“Bastards”: A class struggle fought in blood

bastards

“Bastards” screens at 7 p.m. Thursday at the Madison Museum of Contemporary Art, 227 State St. Free for museum members, $7 for all others. Not rated, 1:41, three stars out of four.

Directly before the title card for Claire Denis’ “Bastards,” we see a man (Vincent Lindon) in a taxicab, looking out the back window, the landscaped divided by the horizontal lines of the rear defroster.

Then we see the title card, and immediately afterward there’s a shot of a woman (Chiara Mastroianni) and her young son, only this time the view is divided by the vertical lines of a wrought-iron fence. The visual message is clear – these two families are in direct opposition to each other, and cannot co-exist.
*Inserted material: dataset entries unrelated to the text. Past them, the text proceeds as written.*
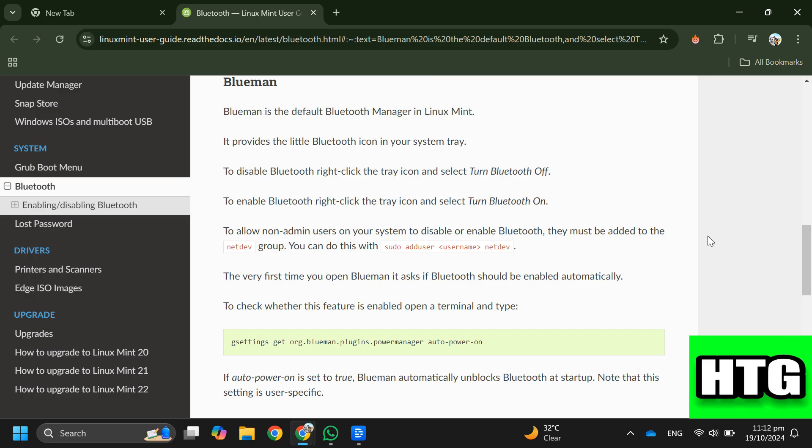Step 3: To enable Bluetooth, right-click the tray icon and select turn Bluetooth on. Step 4: To allow non-admin users to disable or enable Bluetooth, add them to the net dev group using this command.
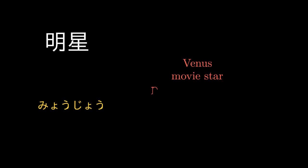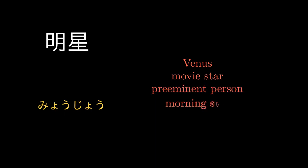彗星, Mercury, 星空, 明星 Venus, Movie Star, Preeminent Person, Morning Star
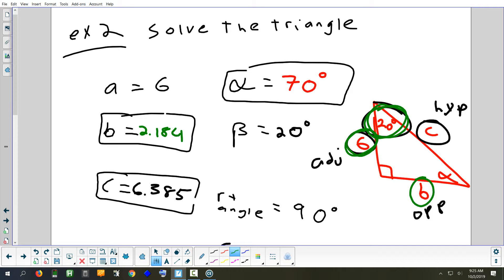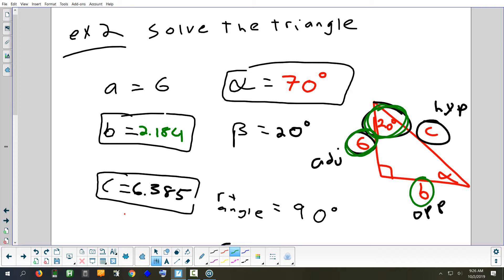To check your answers: always make sure the biggest side is across from the biggest angle and the smallest side is across from the smallest angle. Another check is the triangle inequality: any two sides added together must be greater than the third. If you got an answer for B of something like 0.01, then 6 + 0.01 = 6.01, which is not bigger than 6.385 — that would tell you something went wrong.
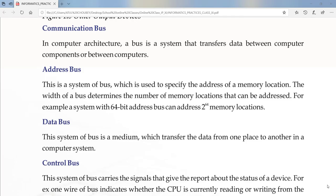Hello friends. In the last class we already learned about memory, secondary memory units, and different types of secondary storage devices available. In today's class we are going to learn about the communication bus — what a communication bus is.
From there, Denis builds a film noir that flirts with conventions of the genre before taking us in much more deeply than we thought we would go. “Bastards” is being marketed as the first bonafide thriller from the director of “White Material” and “Friday Night,” but in Denis’ fragmented, jagged film, the thrills soon give way to a mounting sense of dread.

The man in the taxi is Marco, a sea captain who has spent years on the ocean, estranged from his sister and her family. He is home on a mission of revenge; his brother-in-law has committed suicide, and his teenaged niece (Lola Creton) is in a state of drug-addled shock, found by police wandering the streets naked. In both cases, the culprit seems to be Edouard Laporte (Michel Subor) a billionaire and the brother-in-law’s former business partner. He has had his way with the family, ruined them and discarded them.

Despite Marco’s antipathy towards his weak-willed sister, he can’t accept that, and rents an empty apartment in the same building as Laporte’s mistress Raphaelle (Mastroianni) and her young son (both seen at the opening of the film). Denis keeps us off-balance, jumping around in time, presenting isolated images that don’t make sense until later in the film (and sometimes never at all). Marco strikes up an affair with Raphaelle as a way of entering the family’s life, looking for answers, trying to draw a link between Laporte and his psychologically damaged niece, and between the niece and a sex ring located on a deserted farm outside Paris.

For stretches, you could see “Bastards” as a straight thriller, the granite-faced Lindon a Liam Neeson type smashing up Paris looking for justice. But Denis is deliberately withholding all of her cards, and what seems like a simple revenge thriller blackens into a disturbing tale of the intoxicating corruption of power, and the futility of an underclass trying to fight against it.